围堵的人群忽而两边分开,姬应宇带了十余人走了过来。“他抢了我的东西!”凤倾城恶人先告状,指着阮清就大叫,“那个小厮手里拿的就是我的!”

        阮清仍然低头喝茶,一副根本没听见的样子,凤骥吉见状,也一屁股拍下,气呼呼的端起杯子,大喝了一口,“姬公子,这就是你说的雅间,专门为我等准备的?怎么跟菜市场一样,什么阿猫阿狗的都能过来?”

        “你。。。?”凤倾城气结,手指着小胖子就想大骂,但转眼看看那周围人,不由的面色涨红,说不出话来。

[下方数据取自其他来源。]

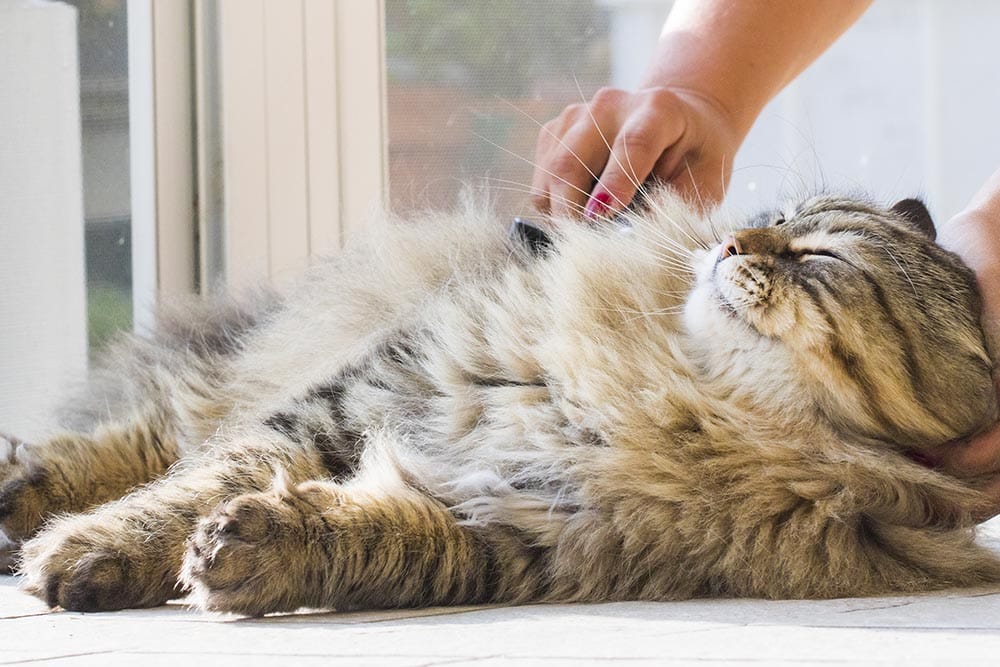 How to Groom a Long Haired Cat – 11 Expert Tips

        这里办了赏花会,城主府诚邀带湖城一带出色的年轻人赴宴,不管你是民是官是商,但凡有才,或文或武,就可一试。若是有才学出众的,得了主家赏识,必有钱财佳礼相赠。

        如此噱头一出,带湖城附近年轻人不由的闻风而动,自各处云集而来。

        凤倾城本是被姬长风关在后院潜行学‘东梁法典’,但其枯燥艰涩,实在难学至极。不由的心下焦躁,听闻这样有趣的集会,哀求了宫先生放了半天的休息。

        这刚带了她的几个粉丝们到了敞轩处,就见一片光华流转,那巧夺天工的精美之物落入她的眼中,哪里还能拔的出来?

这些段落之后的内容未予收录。